Sunday, July 24, 2011

Habitat For Humanity: Nashua Children's Home

This is a little different from my usual woodworking. It's more general construction and carpentry work than fine joinery. But it's still building stuff and learning.

Our admin assistant at work had forwarded an email requesting volunteers from companies in the area to assist with a Habitat For Humanity project replacing the handicap ramp at Nashua Children's Home. I've always admired Habitat for their pragmatic combination of self-sufficiency, compassion, and a sense of community.

The morning started out comfortably as I left home, 66 degrees after a thunderstorm, but due to the heat wave currently gripping the Northeast (and most of the rest of the country), once the sky cleared the temperature rose rapidly, hot and humid. By the time we packed up and left at 3, it was 96 degrees.

Fortunately, there were a good number of volunteers for this relatively simple project. People were able to double up and tag-team on the most physically laborious jobs, like digging holes for sonotubes.

The project was run by Habitat leader Eric Moore, who works at BAE Systems. With him were Habitat regulars Tom LaRochelle, Roger Hall, and Renee Reder, who is working on her masters degree in architecture. Andy Moskal and I were there from Dell. There was a group from Amphenol TCS: Al Astbury, Clay Sammis, Brian Wozniak, and Kelly Gentry; they share the same campus as Dell, the old Digital Equipment Corporation ZKO site. Additional volunteers were Elliot Doughty and Susan Li.

Interestingly, in addition to her Habitat work, Renee had been a First Lego League competitor before going off to MIT for her architectural undergrad work. There are a couple of FLL coaches in my group at work. Inspired by FLL, I had run the robotics club at my kids' middle school for four years, though we didn't participate in the competition. Like Jameel Abraham at Benchcrafted, I was a Lego-crazed builder from the age of 5.

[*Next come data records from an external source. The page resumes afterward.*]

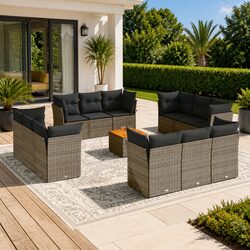 Garden Sofa Set 13 Piece Outdoor Furniture Grey Modular Patio Rattan Sectional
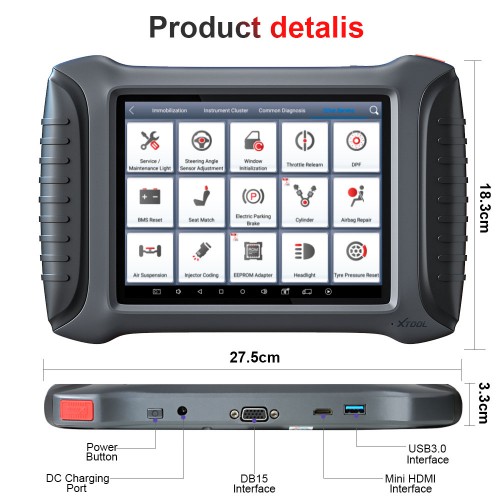 XTOOL X100 PAD 3 Key Fob Programming Tool with KC100 Key Chip Programmer EEPROM Adapter Support 38+ Services Bi-Directional Control ECU Coding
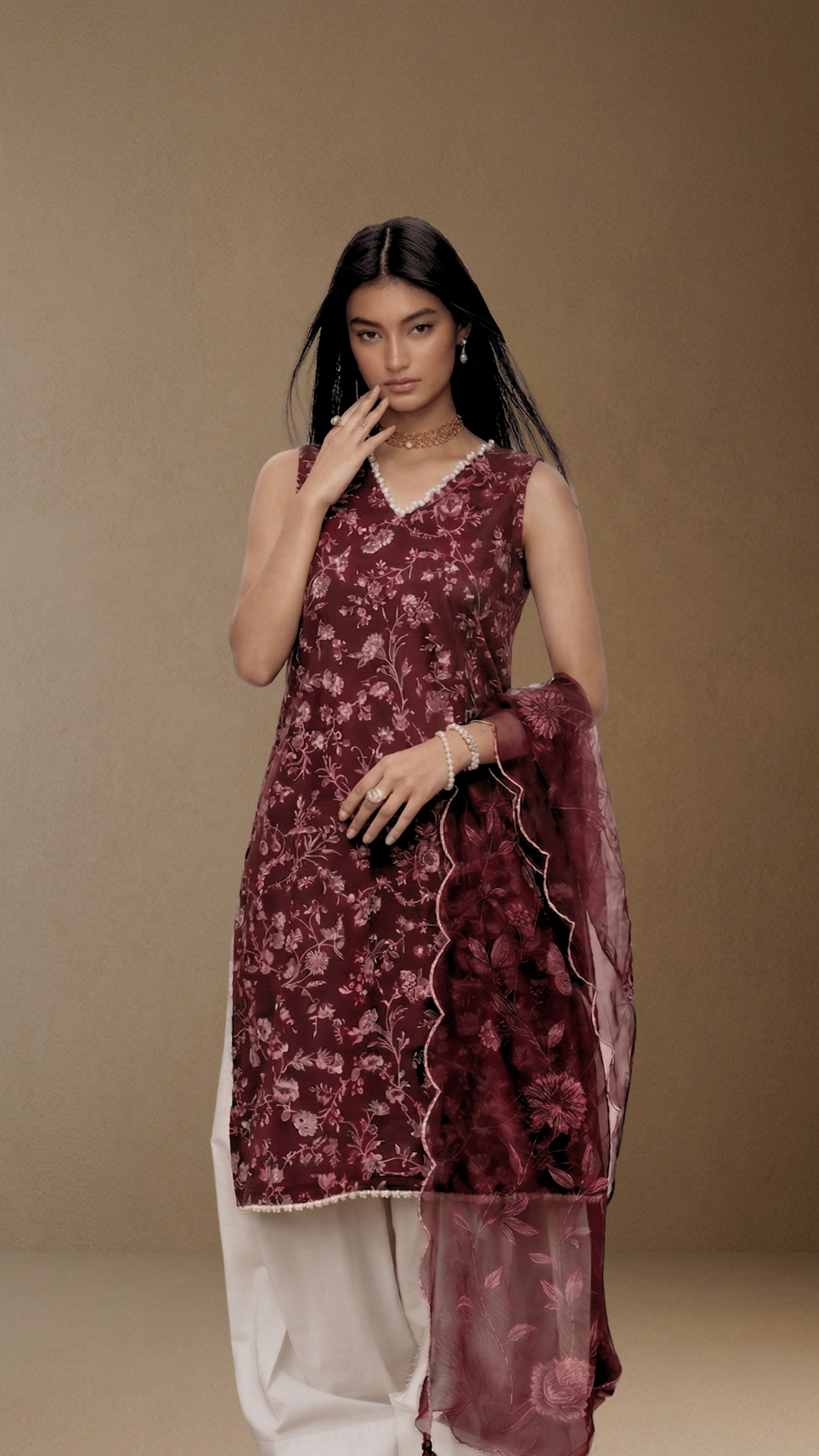 Deep Rouge - Printed Lawn Suit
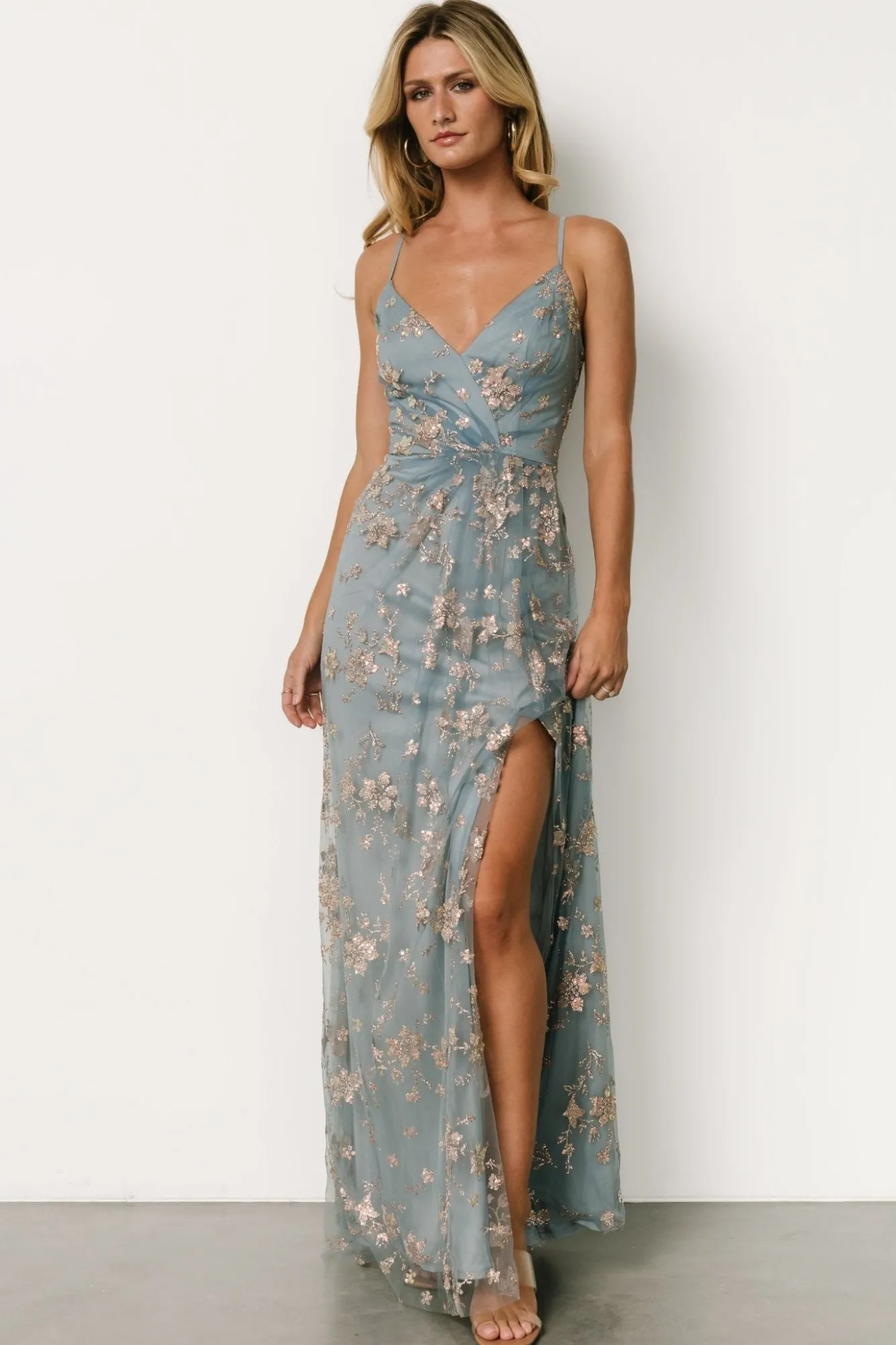 Baltic Born Marcia Sparkle Gown | Light Blue + Rose Gold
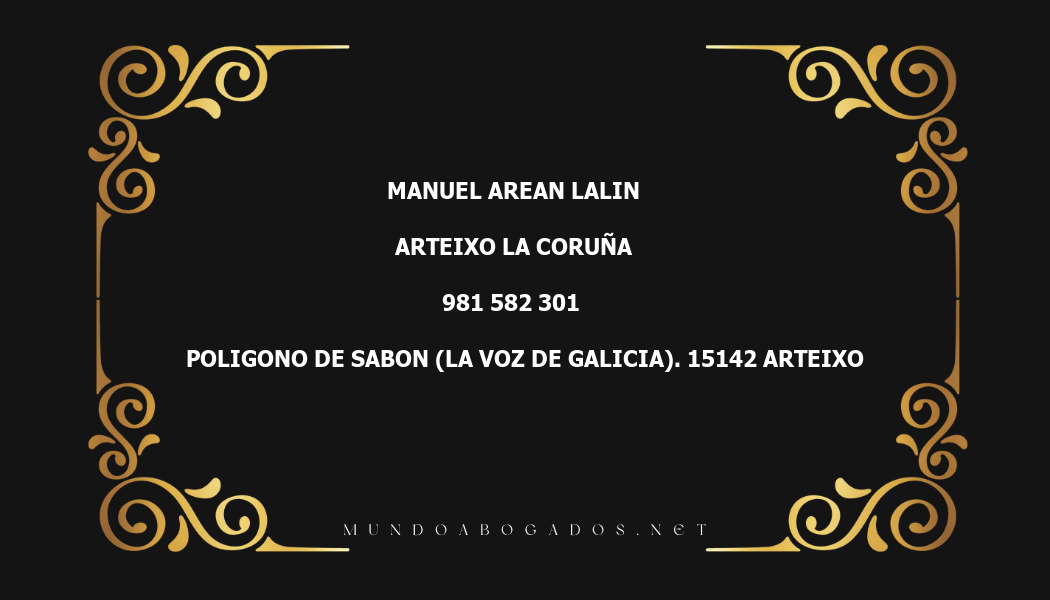 abogado Manuel Arean Lalin en la localidad de Arteixo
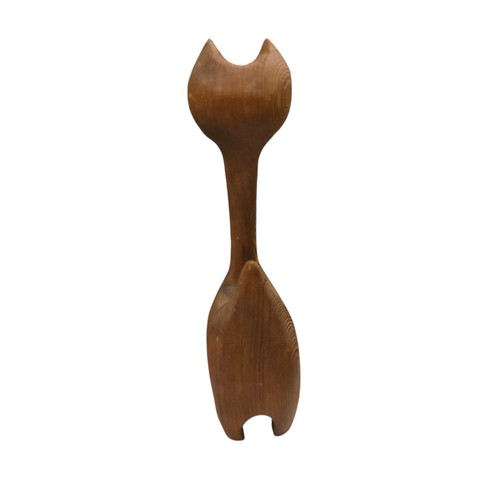 Vintage 1960s Witco Cat Carved MCM Sculpture Wood 14 Inch Tiki Atomic Retro - Bild 5 von 21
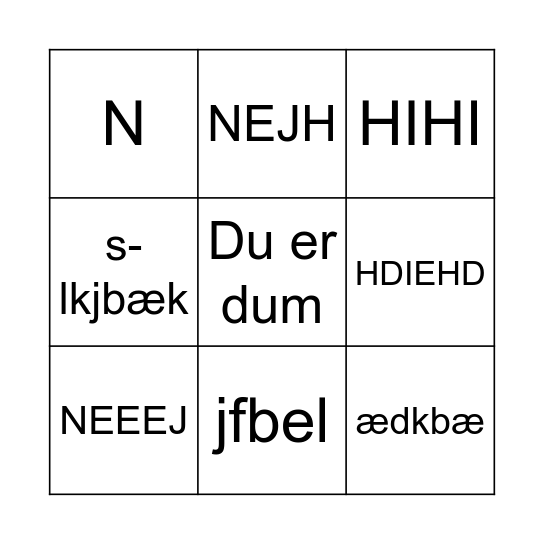 Fødselsdagsbingo Card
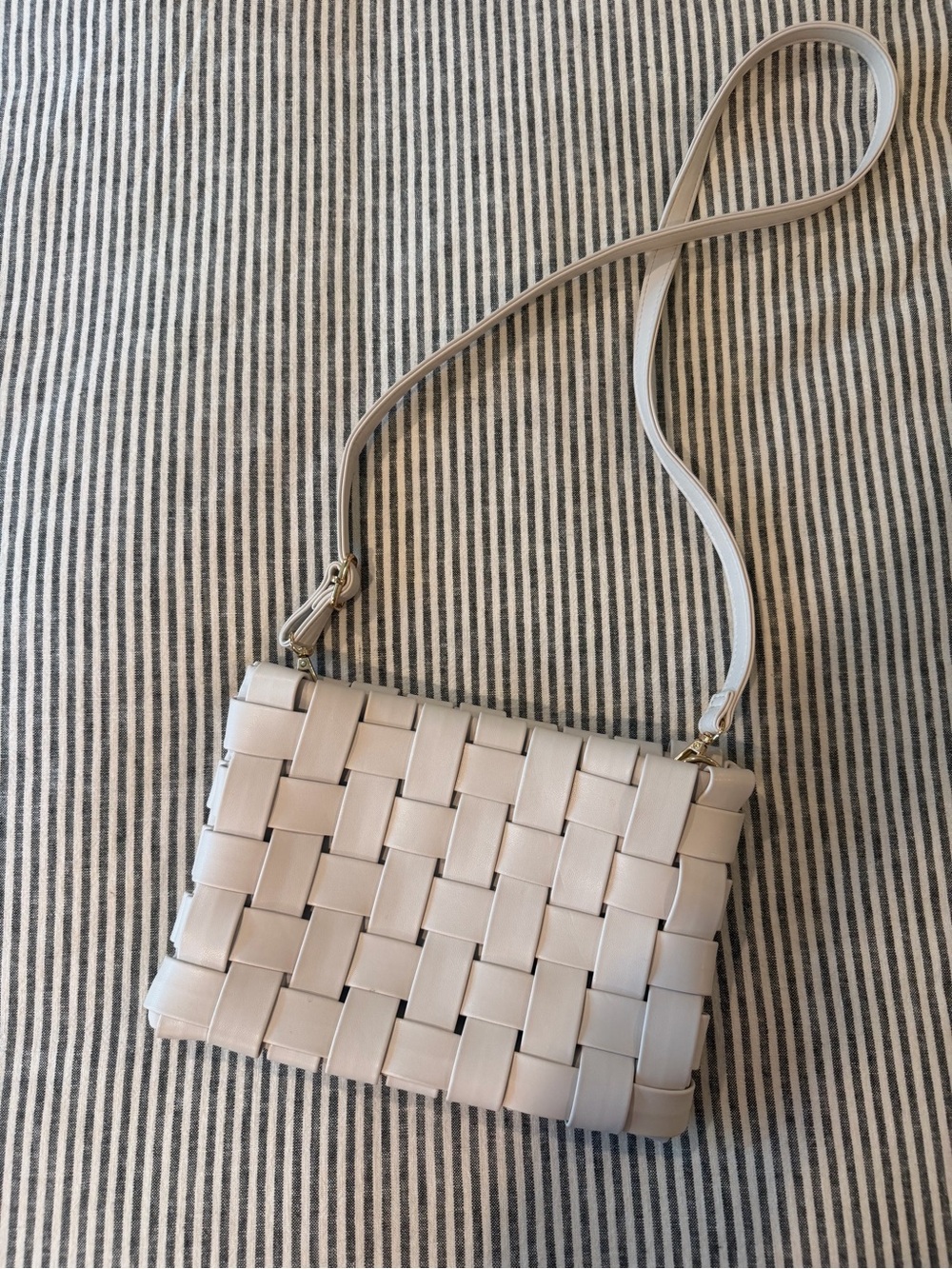 Anthropologie Woven Crossbody Bag in Light Cream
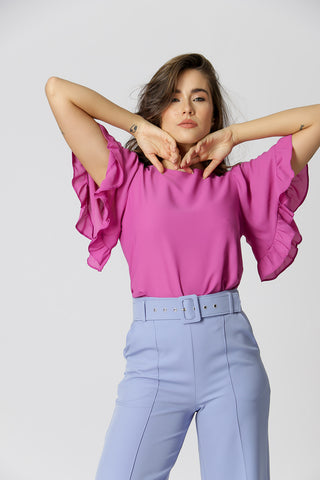 Blusa con mangas con volantes - FUCSIA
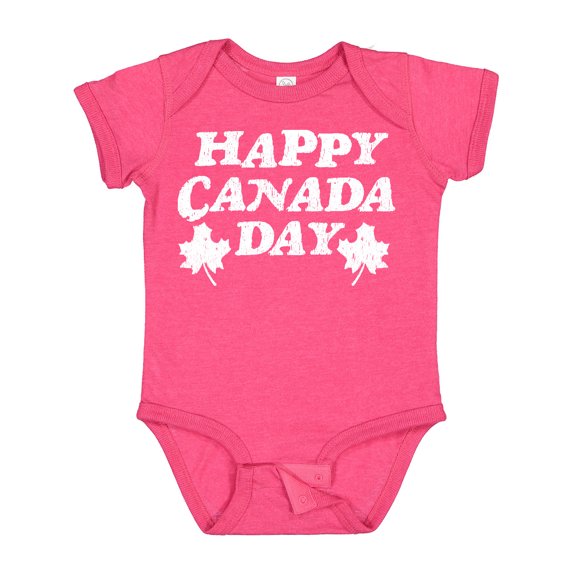 Inktastic Happy Canada Day with Distressed Maple Leaves Boys or Girls Baby Bodysuit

Al had run a remodeling business for a few years, so he had experience building decks and was familiar with the construction codes. He worked closely with Eric and Roger directing the site preparation and footing construction, while Tom, Renee, and Elliot constructed the basic ramp sections. The rest of us, while capable with contractor's tools and familiar with small-scale home construction projects, served largely as the unskilled labor.


The stack of pressure-treated lumber for the new ramp.


Al uses a breaker bar to start through the asphalt as Andy watches and Brian grabs a post-hole digger. There were enough diggers to have two people at a time on each hole.


We soon had all the 4'-long sonotubes in their holes, everybody drenched with sweat. Eric and Roger watch as Al and Brian check the tube positioning. Fortunately the soil was mostly sandy with only a small amount of stone.


Kelly cuts the rebar down to size for setting into the sonotubes.


Elliot, Renee, and Tom cutting the joists for the main ramp run. By this time the sun was blazing, so I set up my portable canopy. They considered this luxury working conditions!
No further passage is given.